» **Dataset excerpts**:
------------------------------
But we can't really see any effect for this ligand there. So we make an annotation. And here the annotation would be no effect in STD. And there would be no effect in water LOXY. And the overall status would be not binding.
------------------------------
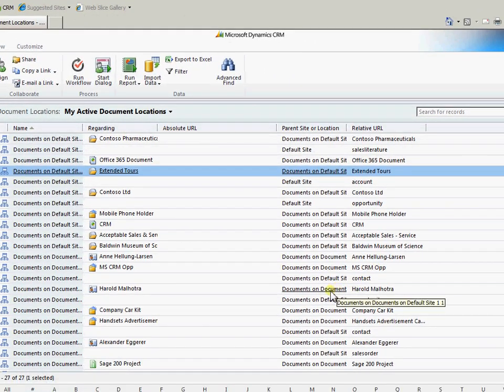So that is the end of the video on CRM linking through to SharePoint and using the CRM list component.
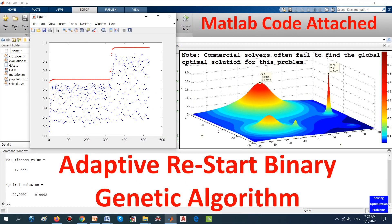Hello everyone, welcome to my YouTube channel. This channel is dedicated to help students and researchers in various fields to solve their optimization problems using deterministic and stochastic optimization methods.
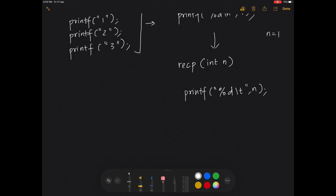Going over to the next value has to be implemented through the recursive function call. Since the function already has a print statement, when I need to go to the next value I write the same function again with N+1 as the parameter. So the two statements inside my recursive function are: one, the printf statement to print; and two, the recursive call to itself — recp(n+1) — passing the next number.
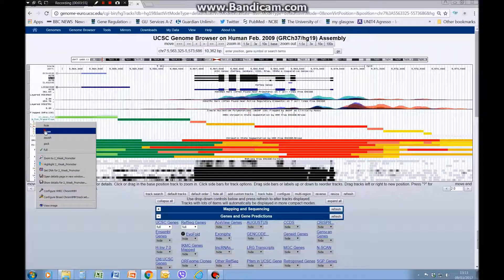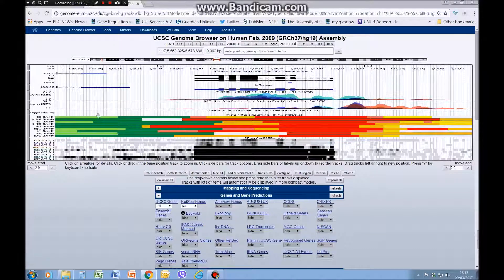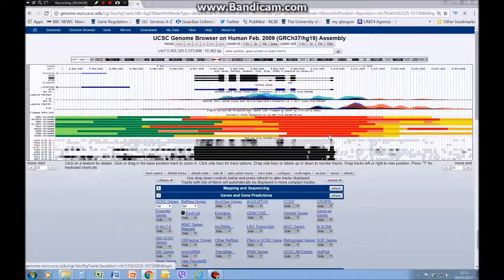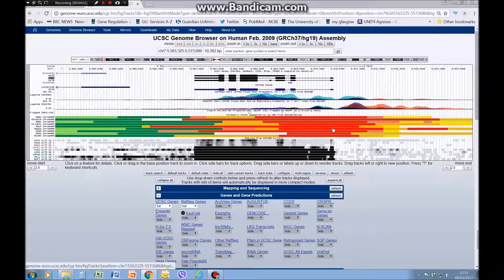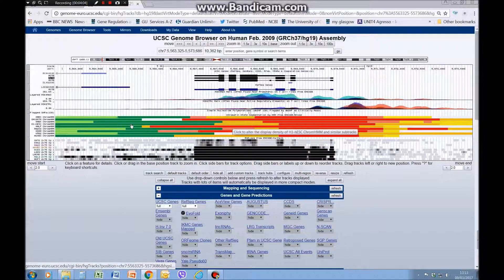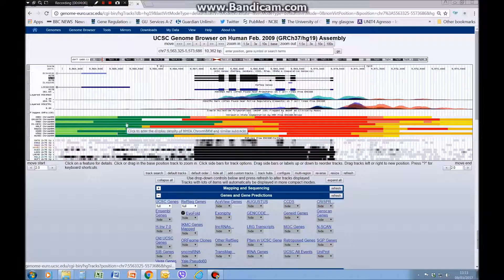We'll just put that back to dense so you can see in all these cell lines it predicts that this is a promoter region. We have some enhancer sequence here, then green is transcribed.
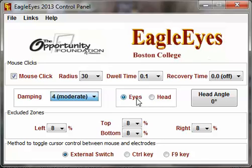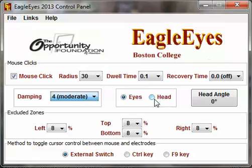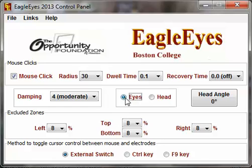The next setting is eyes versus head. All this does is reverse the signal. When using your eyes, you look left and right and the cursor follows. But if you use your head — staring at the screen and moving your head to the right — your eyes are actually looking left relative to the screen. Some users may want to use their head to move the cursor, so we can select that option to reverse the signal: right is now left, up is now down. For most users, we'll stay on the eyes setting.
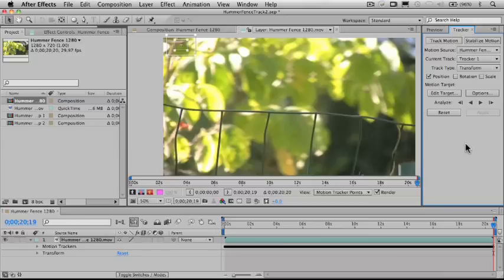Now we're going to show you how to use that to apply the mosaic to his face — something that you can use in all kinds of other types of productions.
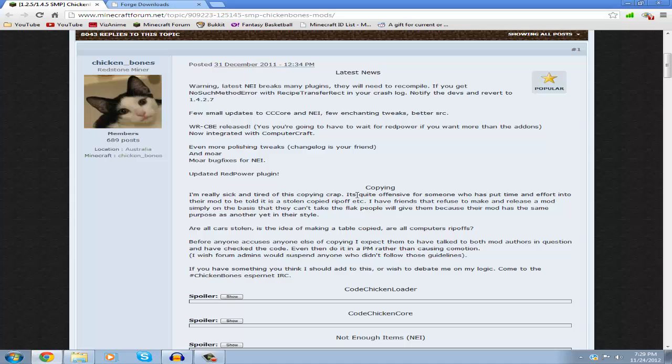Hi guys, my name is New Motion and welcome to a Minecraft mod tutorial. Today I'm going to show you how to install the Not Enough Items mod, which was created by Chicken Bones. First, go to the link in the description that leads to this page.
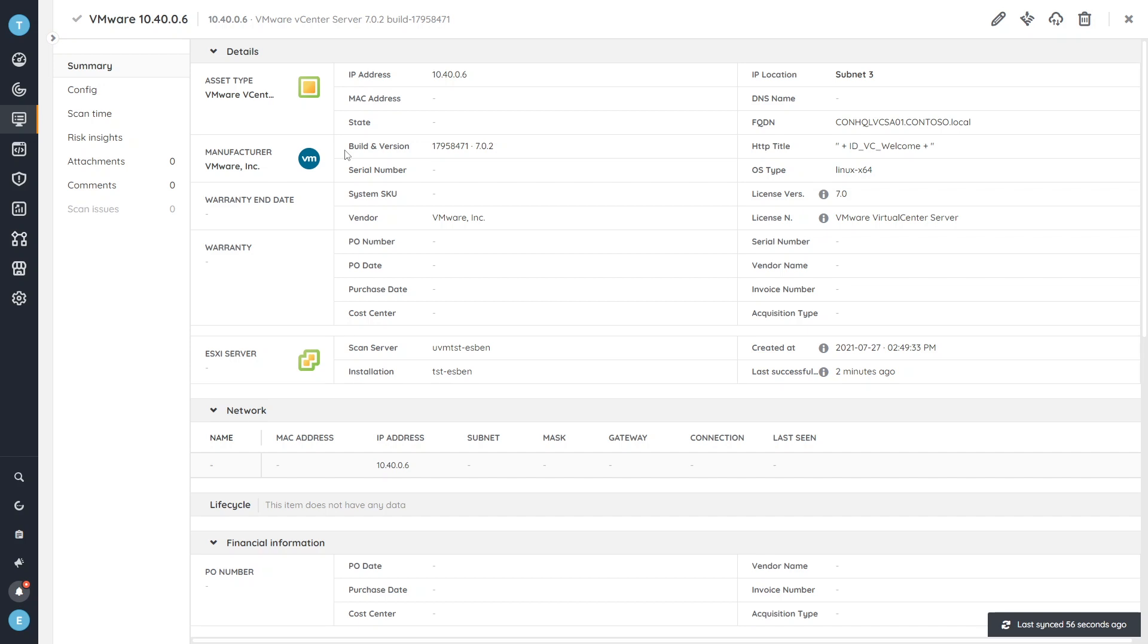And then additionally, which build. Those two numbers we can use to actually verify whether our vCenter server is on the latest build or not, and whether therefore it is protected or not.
------------------------------
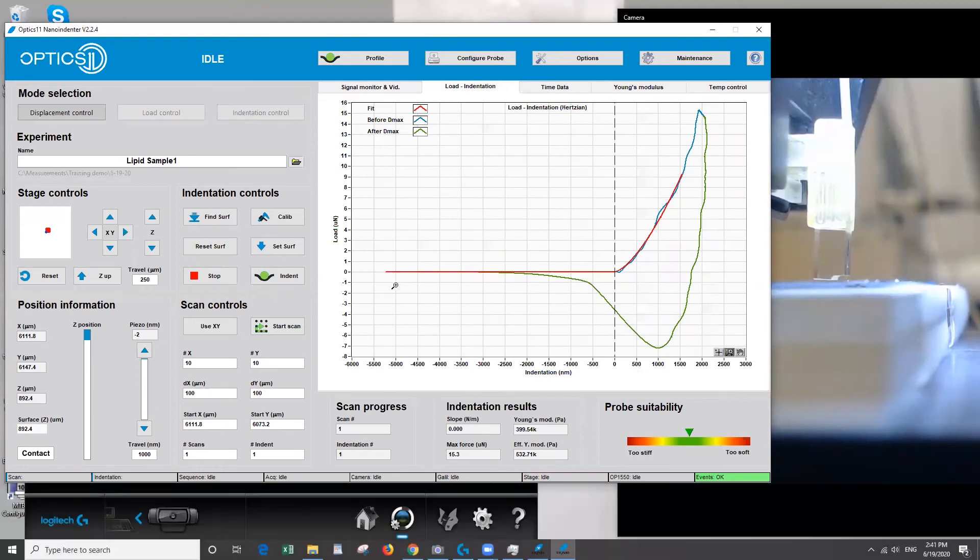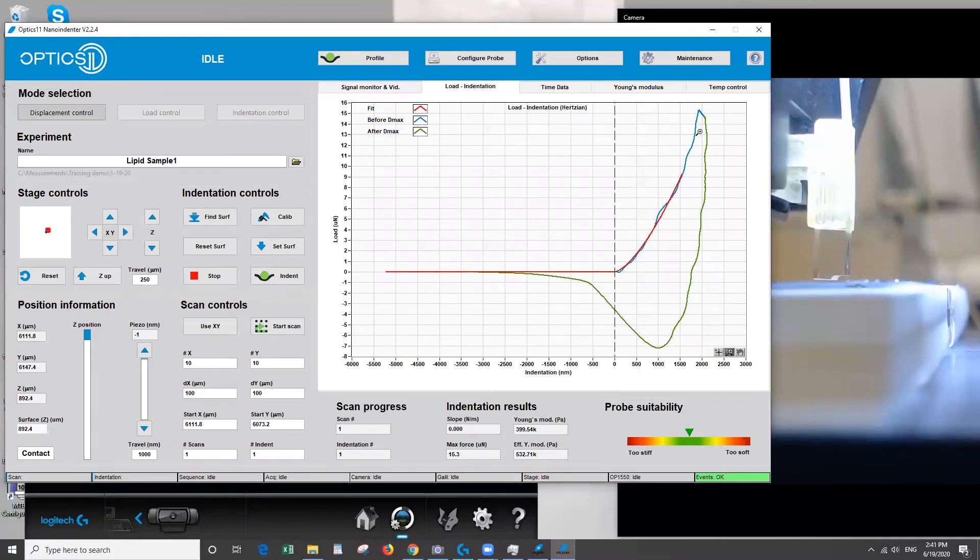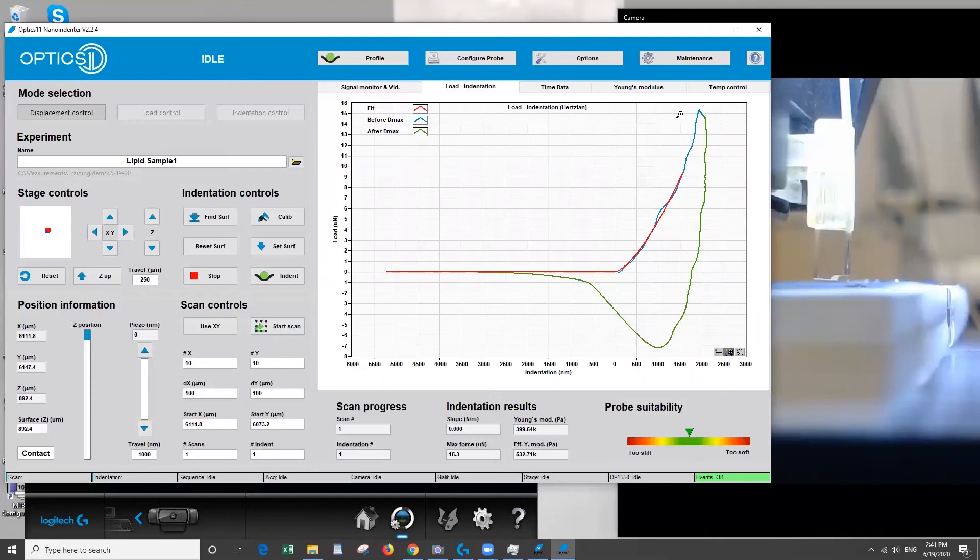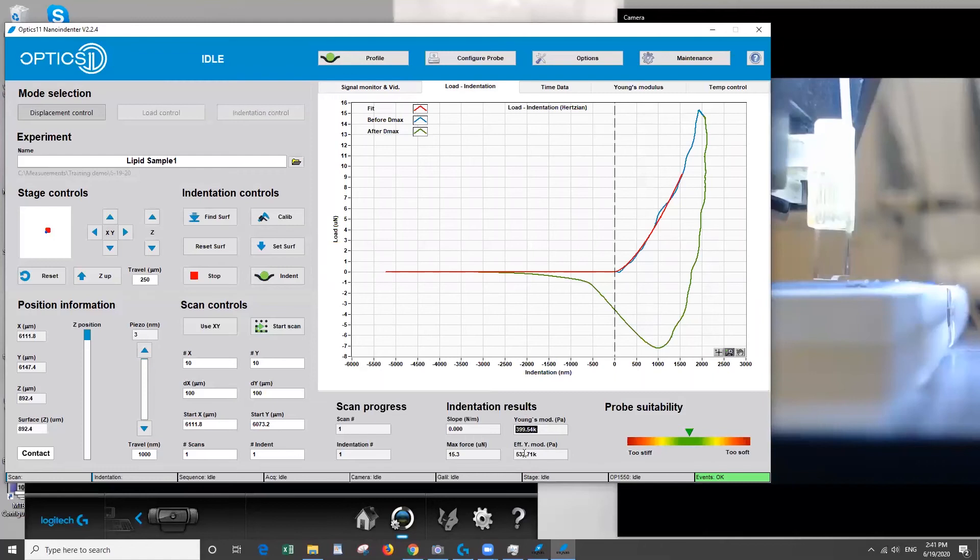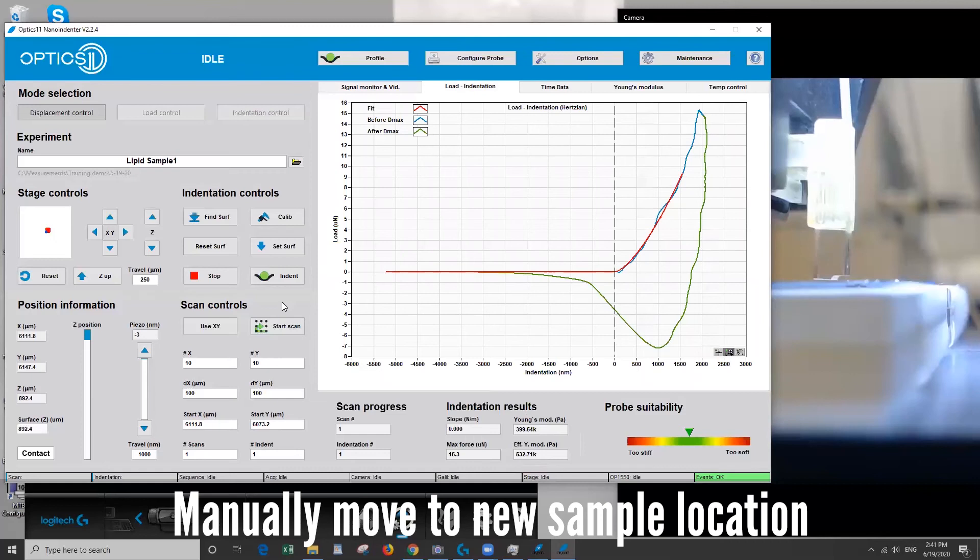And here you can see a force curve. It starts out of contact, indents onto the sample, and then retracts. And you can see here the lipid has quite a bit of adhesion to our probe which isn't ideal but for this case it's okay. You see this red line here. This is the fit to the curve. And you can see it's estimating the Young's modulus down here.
------------------------------
» **Task requirements**:
I'd like the lines above repeated exactly, from the one that contains "We'll just put" through the one that contains "The next setting", with no pictures.

» **Task answer**:
We'll just put that back to dense so you can see in all these cell lines it predicts that this is a promoter region. We have some enhancer sequence here, then green is transcribed.
The next setting is eyes versus head. All this does is reverse the signal. When using your eyes, you look left and right and the cursor follows. But if you use your head — staring at the screen and moving your head to the right — your eyes are actually looking left relative to the screen. Some users may want to use their head to move the cursor, so we can select that option to reverse the signal: right is now left, up is now down. For most users, we'll stay on the eyes setting.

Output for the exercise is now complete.